-- Raw data follows --
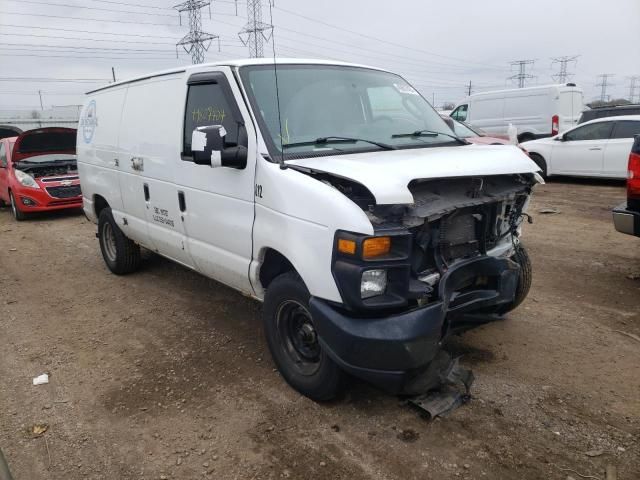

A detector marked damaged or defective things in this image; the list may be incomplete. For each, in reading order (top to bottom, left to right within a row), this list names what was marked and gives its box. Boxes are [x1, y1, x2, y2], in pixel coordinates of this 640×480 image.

crumpled hood [288, 142, 544, 202]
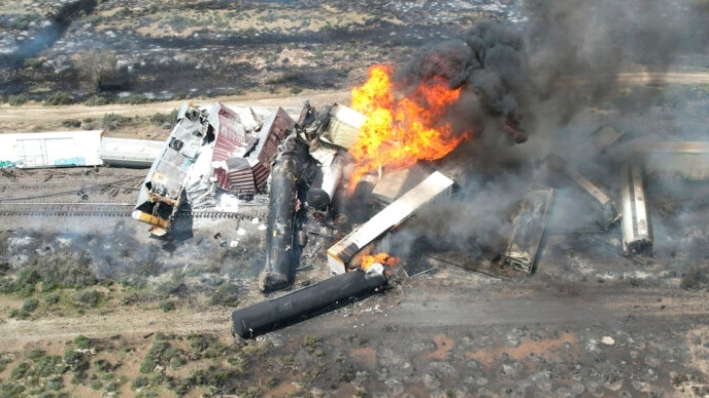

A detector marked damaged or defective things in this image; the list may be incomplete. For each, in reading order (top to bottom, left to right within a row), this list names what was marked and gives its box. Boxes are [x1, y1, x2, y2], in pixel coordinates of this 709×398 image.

damaged freight car [500, 188, 556, 272]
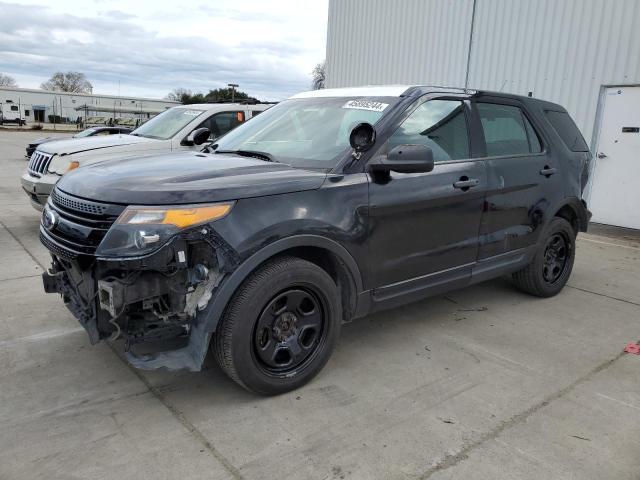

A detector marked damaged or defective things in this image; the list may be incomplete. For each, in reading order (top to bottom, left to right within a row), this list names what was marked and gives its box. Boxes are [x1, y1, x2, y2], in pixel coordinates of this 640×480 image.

damaged bumper [41, 225, 239, 372]
front-end collision damage [43, 225, 240, 372]
cracked headlight housing [96, 202, 234, 256]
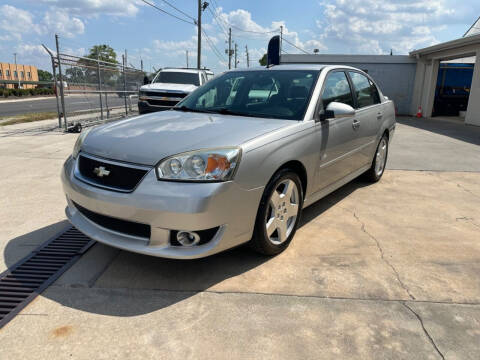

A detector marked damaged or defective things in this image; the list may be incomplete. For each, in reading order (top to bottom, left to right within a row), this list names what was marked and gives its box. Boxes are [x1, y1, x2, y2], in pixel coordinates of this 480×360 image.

cracked concrete [0, 117, 480, 358]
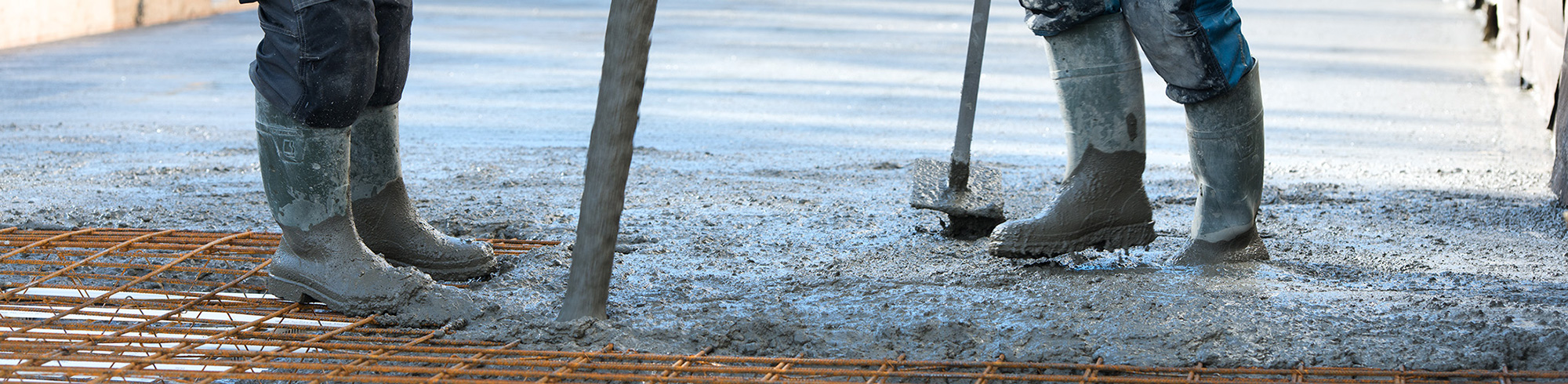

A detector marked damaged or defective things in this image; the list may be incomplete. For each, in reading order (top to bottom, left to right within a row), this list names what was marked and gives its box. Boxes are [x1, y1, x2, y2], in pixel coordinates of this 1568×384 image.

rusty steel mesh [0, 227, 1562, 384]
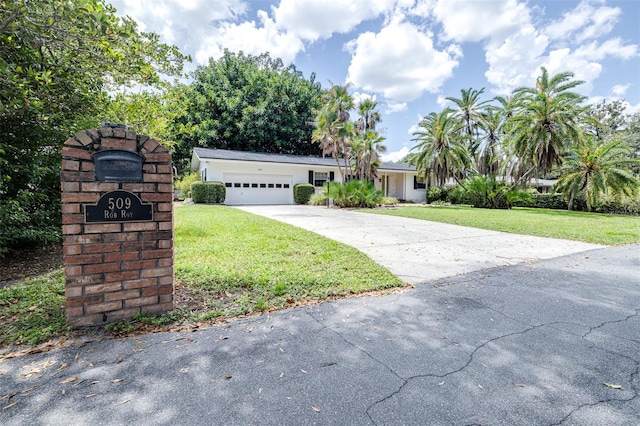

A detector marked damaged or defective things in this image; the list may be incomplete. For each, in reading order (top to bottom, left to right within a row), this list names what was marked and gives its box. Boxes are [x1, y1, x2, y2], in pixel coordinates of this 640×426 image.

cracked asphalt [1, 211, 640, 424]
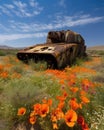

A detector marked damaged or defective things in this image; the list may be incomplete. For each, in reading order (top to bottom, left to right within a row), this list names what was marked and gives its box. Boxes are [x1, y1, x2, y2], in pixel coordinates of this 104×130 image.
-- Raw data concluded --
▸ Work instructions: Give again, word for word, the lines above from the one with "this 1568×384 image." through the final line of the data, both ends included. Do not copy any picture.

▸ Output for this task:
A detector marked damaged or defective things in this image; the list may be incomplete. For each, in reading order (top to bottom, left to right within a row), this list names what was marked and gives its box. Boxes are [x1, y1, x2, y2], in pixel coordinates of this 1568×384 image.

rusty steel mesh [0, 227, 1562, 384]

A detector marked damaged or defective things in this image; the list may be incomplete. For each, in reading order (top to bottom, left to right within a row), this list names what was marked and gives its box. Boxes are [x1, y1, x2, y2], in pixel coordinates of this 640×426 image.

cracked asphalt [1, 211, 640, 424]

A detector marked damaged or defective things in this image; the list may be incomplete. For each, in reading order (top to bottom, left to right within a row), this list names what was marked and gives its box. Boxes are [x1, y1, x2, y2], in pixel coordinates of this 104×130 image.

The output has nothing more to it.